On July 29, 2005, we amended the unsecured, five-year syndicated credit facility (“Credit Facility”) in the amount of $100 million led by Wells Fargo
Bank as the Administrative Agent, replacing a three-year $150 million syndicated credit facility. The Credit Facility is guaranteed by all of our
subsidiaries and may be increased to a total of $200 million, subject to the availability of such additional credit from either existing banks within the
Credit Facility or other banks. The Credit Facility bears interest at LIBOR plus a spread ranging from 0.50% to 1.0% (4.86% at December 31, 2005)
and expires in July 2010. At December 31, 2005 and 2004, we had no outstanding borrowings under the Credit Facility. The available borrowings
under the Credit Facility are reduced by stand-by letters of credit issued by us primarily to satisfy the requirements of workers compensation, general
liability and other insurance policies. Our aggregate availability for additional borrowings under the Credit Facility was $70.7 million and $128.7 million
at December 31, 2005 and 2004, respectively.
In May 2006, $75 million of our private placement notes will become due. We anticipate repaying these notes with cash expected to be provided by
operating activities or a combination of such cash, available borrowing capacity under our revolving credit facility and the issuance of new private
placement notes.
off balance sheet arrangements
We have utilized various financial instruments from time to time as sources of cash when such instruments provided a cost effective alternative to
our existing sources of cash. We do not believe, however, that we are dependent on the availability of these instruments to fund our working capital
requirements or our growth plans.
On December 29, 2000, we completed a sale-leaseback transaction. Under the terms of the transaction, we sold 90 properties, including land, buildings
and improvements, which generated $52.3 million of additional cash. The lease, which is being accounted for as an operating lease, provides for an
initial lease term of 21 years and may be extended for one initial ten-year period and two additional successive periods of five years each. The resulting
gain of $4.5 million has been deferred and is being amortized over the initial lease term. Net rent expense during the initial term will be approximately
$5.5 million annually.
In August 2001, we completed a sale-leaseback with O’Reilly-Wooten 2000 LLC (an entity owned by certain shareholders of the Company).
The transaction involved the sale and leaseback of nine O’Reilly Auto Parts stores and resulted in approximately $5.6 million of additional cash
to us. The transaction did not result in a material gain or loss. The lease, which has been accounted for as an operating lease, calls for an initial
term of 15 years with three five-year renewal options.

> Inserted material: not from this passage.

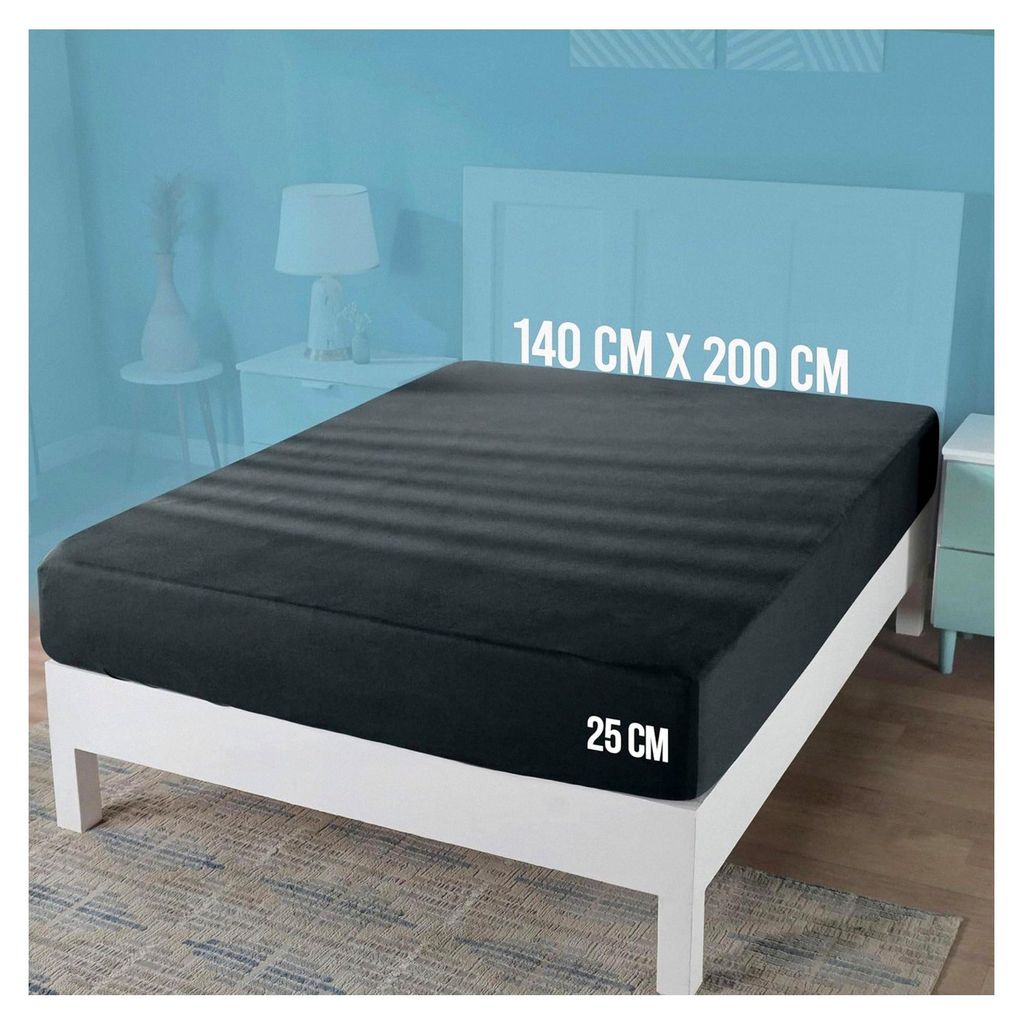 Jersey Spannbettlaken, Anthrazit, 140 x 200 cm – 25 cm, Baumwollmischung, geeignet für dicke Matratzen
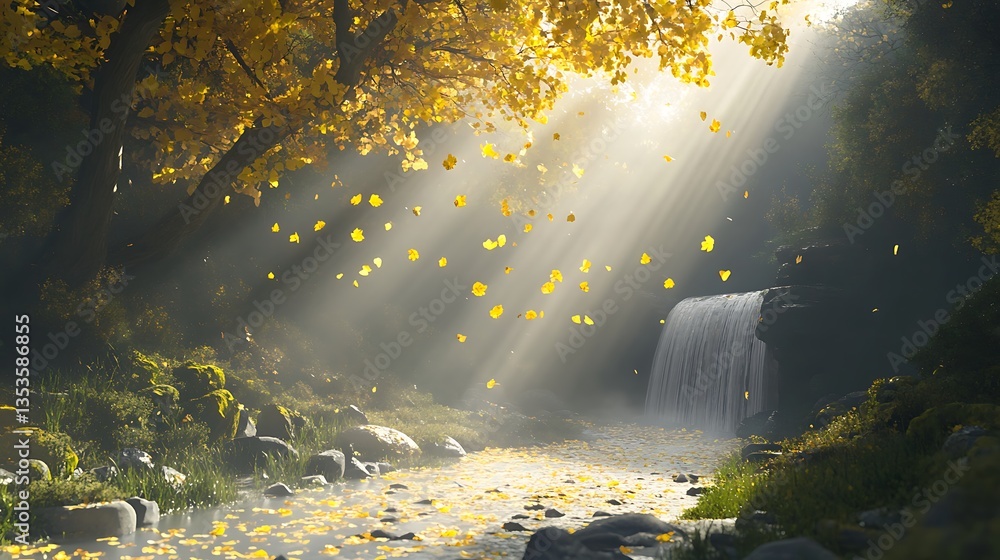 Aufkleber serene forest scene with sunlight filtering through trees, illuminating a small waterfall and surrou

On June 26, 2003, we completed an amended and restated master agreement to our $50 million Synthetic Operating Lease Facility, relating to our
properties leased from SunTrust Equity Funding, LLC (the “Synthetic Lease”), with a group of financial institutions. The terms of the Synthetic
Lease provide for an initial lease period of five years, a residual value guarantee of approximately $42.2 million at December 31, 2005, and purchase
options on the properties. The Synthetic Lease also contains a provision for an event of default whereby the lessor, among other things, may require
us to purchase any or all of the properties. One additional renewal period of five years may be requested from the lessor, although the lessor is not
obligated to grant such renewal. The Synthetic Lease has been accounted for as an operating lease under the provisions of Financial Accounting
Standards Board (“FASB”) SFAS No. 13 and related interpretations, including FASB Interpretation No. 46.

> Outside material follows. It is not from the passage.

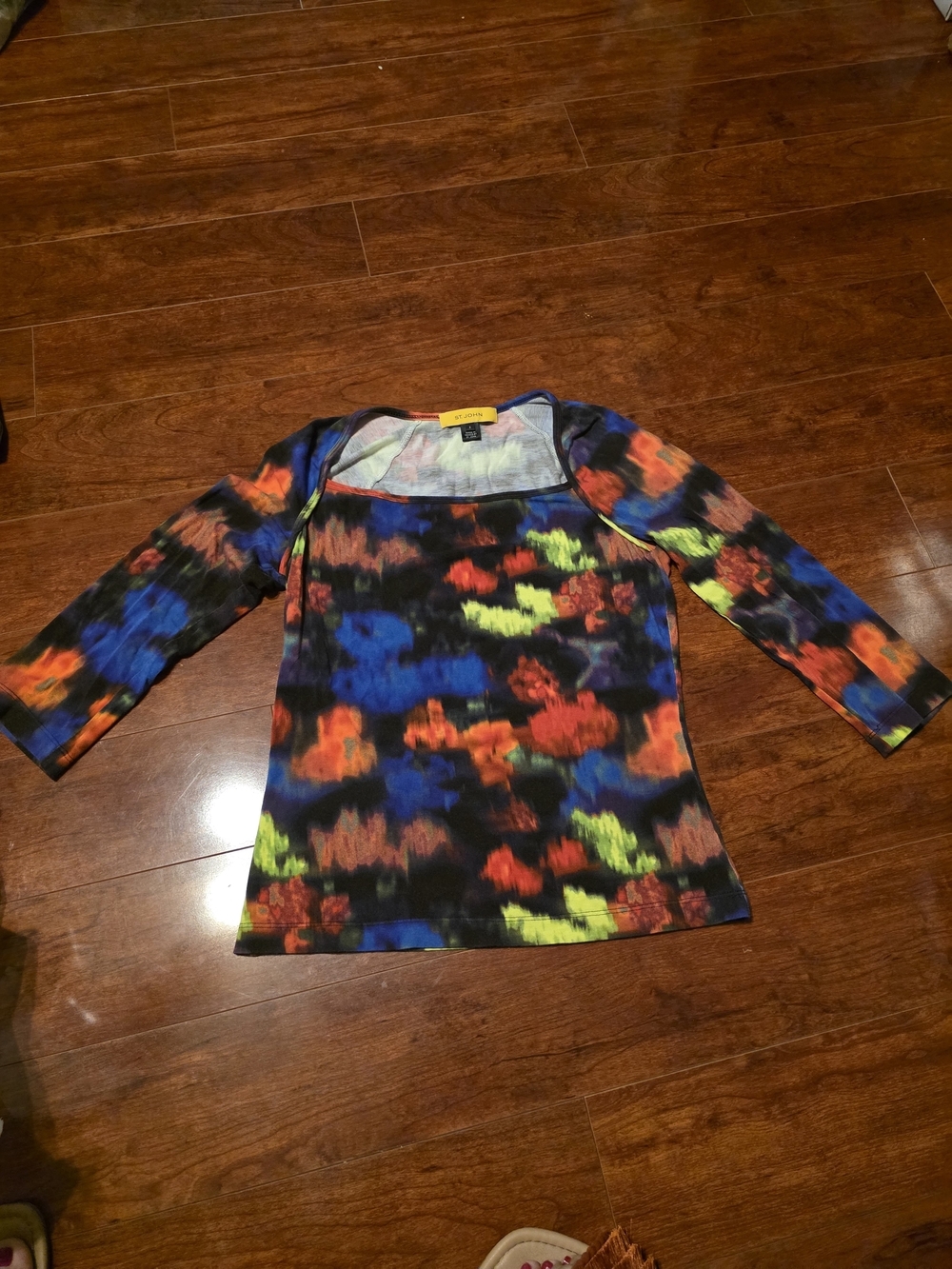 St. John Multicolor Knit Top with Neon Accents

We issue stand-by letters of credit provided by a $50 million sublimit under the Credit Facility that reduce our available borrowings. These letters of
credit are issued primarily to satisfy the requirements of workers compensation, general liability and other insurance policies. Substantially all of the
outstanding letters of credit have a one-year term from the date of issuance and have been issued to replace surety bonds that were previously issued.
Letters of credit totaling $29.3 million and $21.3 million were outstanding at December 31, 2005 and 2004, respectively.